Memory Management

About Physical and Virtual Memory

The amount of memory on a machine is the physical memory. The amount of memory that can be used by an application can be larger, because the operating system can provide virtual memory. Virtual memory makes the machine appear to have more memory available than there actually is, by sharing physical memory between applications when they need it and by using disk space as memory.
When memory is not used and other applications need to allocate memory, the operating system pages out the memory that is not currently needed to support the other applications. When the paged-out memory is needed again, some other memory needs to be paged out. Paging means to write some of the contents of memory onto a disk.
Paging does affect performance, but some amount of paging is acceptable. Using virtual memory enables you to access tables that exceed the amount of physical memory on the machine. So long as the time to write pages to the disk and read them from the disk is short, the server performance is good.
One advantage of SASHDAT tables that are read from HDFS is that the server performs the most efficient paging of memory.

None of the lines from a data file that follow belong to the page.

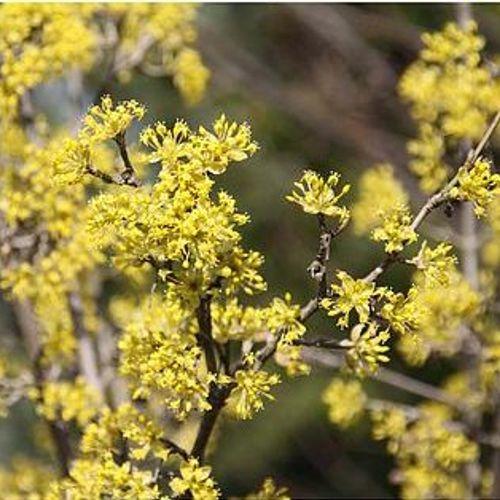 Cornus Mas 'saffron Sentinel' Multi Stem - View 16 from www redcrocus com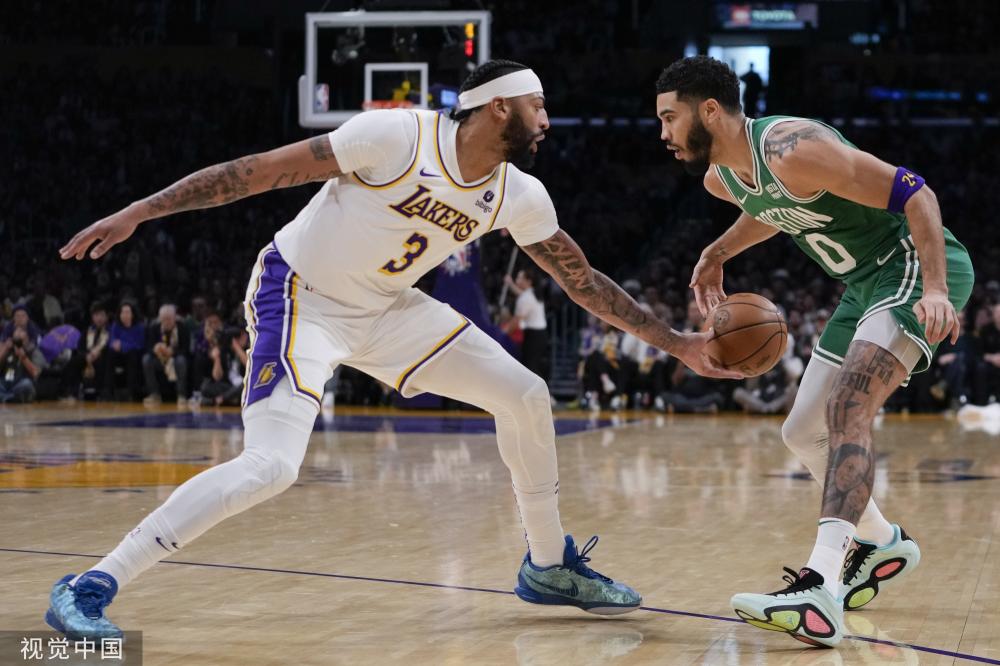 因为它不仅 因为它不仅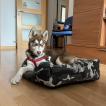 Rambo, Husky Siberiano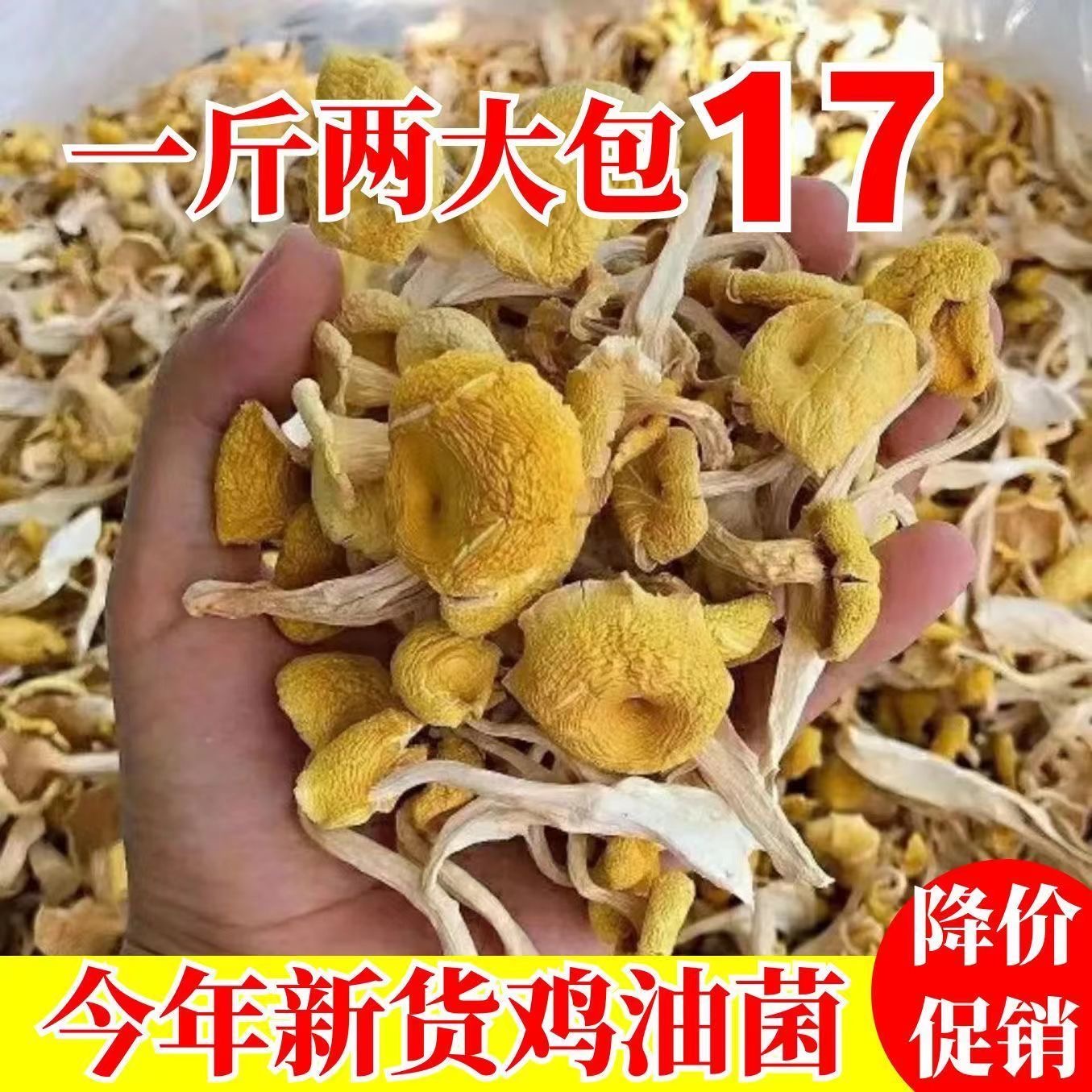 鸡油菌干货500克云南菌子新鲜榆黄蘑干菇菌菇煲汤香菇菌磨菇类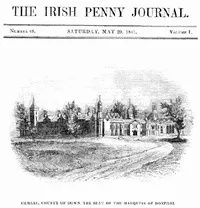 The Irish Penny Journal, Vol. 1 No. 48, May 29, 1841 cover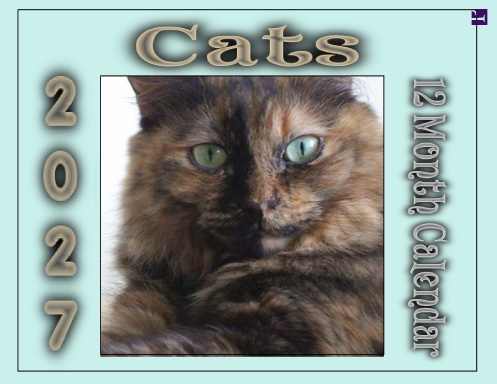 CATS 2027 12 Month Calendar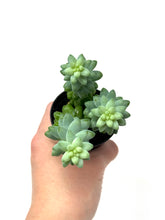 Load image into Gallery viewer, Sedum Morganianum ‘Burro’s Tail’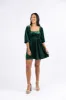 Evergreen Beauty Velvet Dress Macy Blackwell X Pink Lily sold by Pink Lily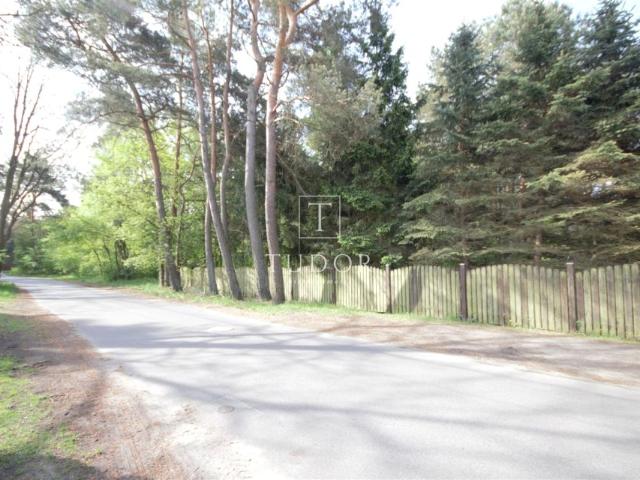 Fiołkowa 1 200 m², Szczecin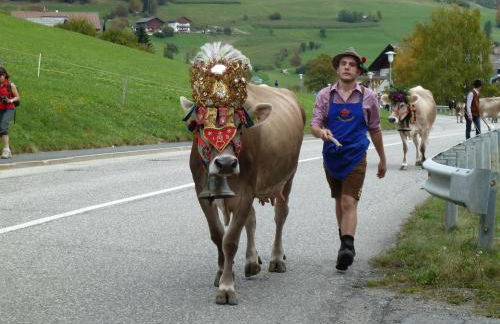 Huberhof Morgensonne - Foto 18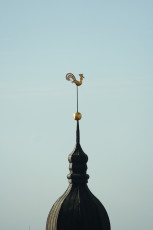 A Weather Vane On Top Of A Building In Riga.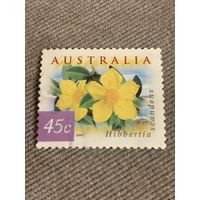 Австралия 1999. Флора. Цветы. Hibbertia scandens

How Does the Server Use Memory for Tables?

When you load a table to memory with the SAS LASR Analytic Server engine, the server allocates physical memory to store the rows of data. This applies to both distributed and non-distributed servers.
When a distributed server loads a table from HDFS to memory with the LASR procedure, the server defers reading the rows of data into physical memory. You can direct the server to perform an aggressive memory allocation scheme at load time with the READAHEAD option for the PROC LASR statement.
Note: When a distributed server loads a table from either the Greenplum Data Computing Appliance or the Teradata Data Warehouse Appliance, physical memory is allocated for the rows of data. This is true even when the data provider is co-located.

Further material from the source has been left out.